• Work instruction
Once the line containing "2nd image of 527 E Main St #527D" is found in the material below, it and every line after it should be transcribed exactly, with pictures left out and nothing added.

• Task inputs
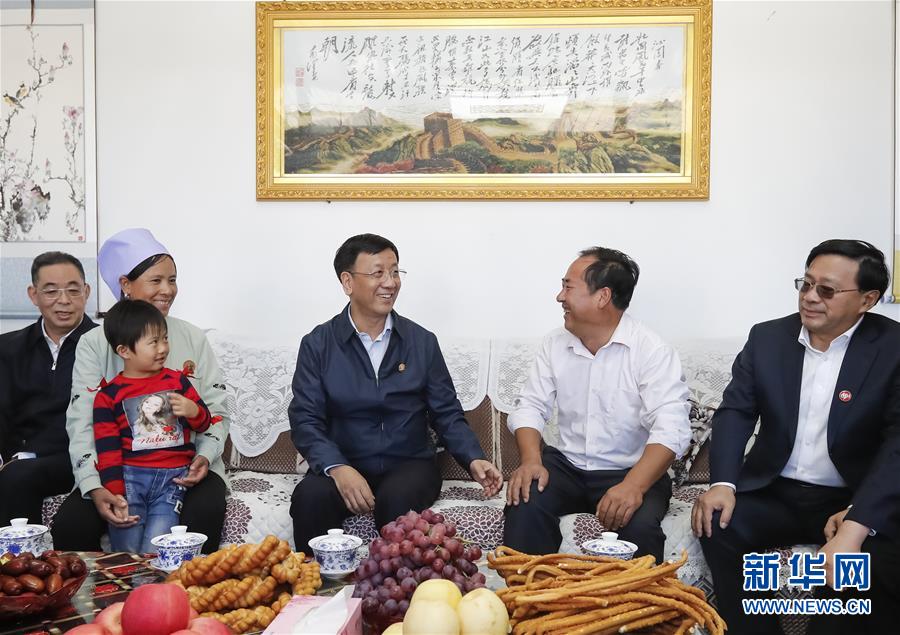 (時(shí)政)曹建明率中央代表團(tuán)四分團(tuán)在銀川看望慰問各族各界干部群眾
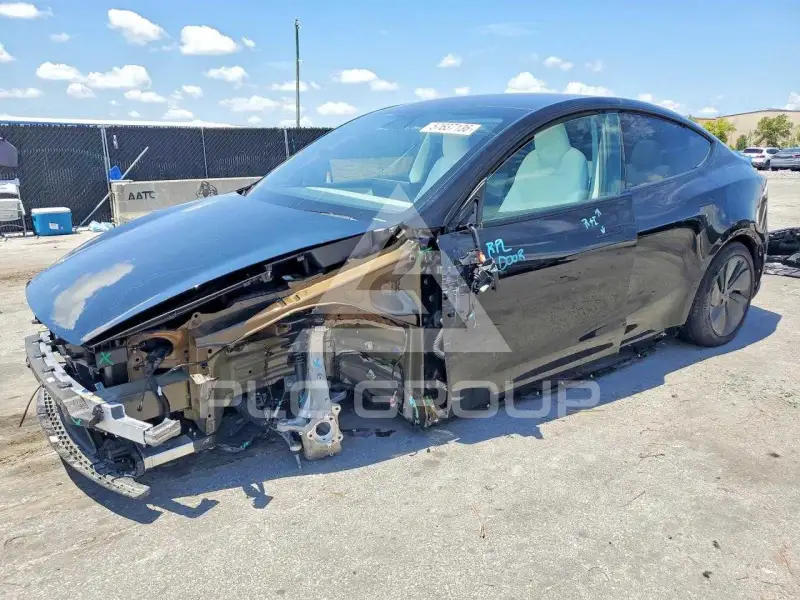2026 Tesla Model Y photo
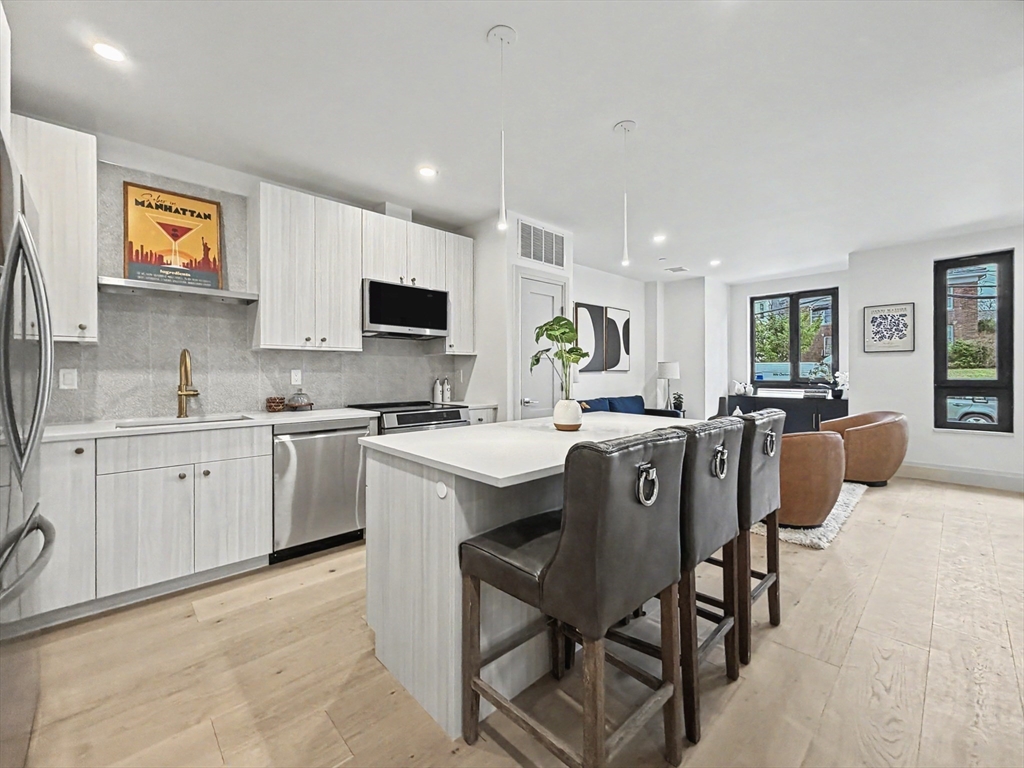 34 Oak Street, Unit 102 Boston, MA 02136 - Photo 18 of 29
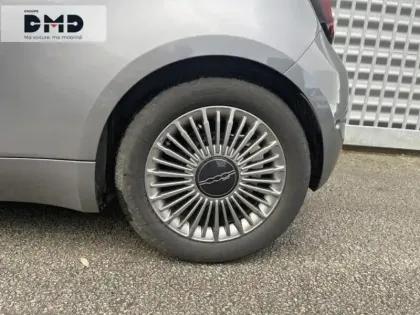 Photo 12 Fiat 500  e 118ch Pack Confort & Style & Tech MY23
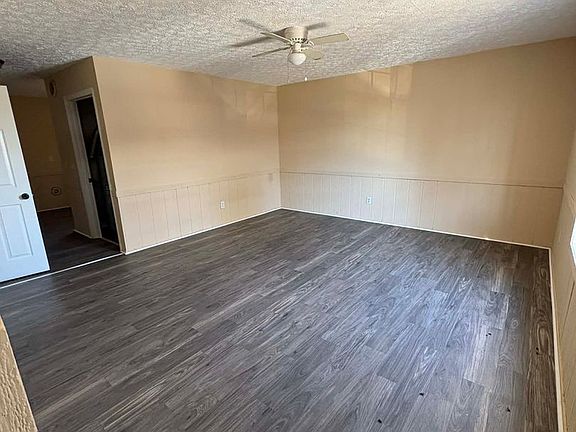 2nd image of 527 E Main St #527D
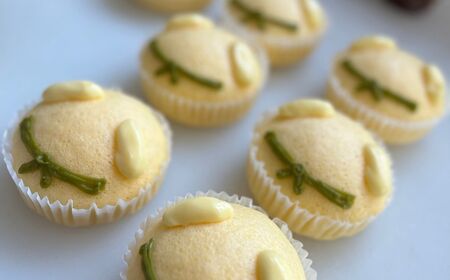 ポムポムプリンのプリン蒸しパン ６個入り 011075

• Task result
 2nd image of 527 E Main St #527D
 ポムポムプリンのプリン蒸しパン ６個入り 011075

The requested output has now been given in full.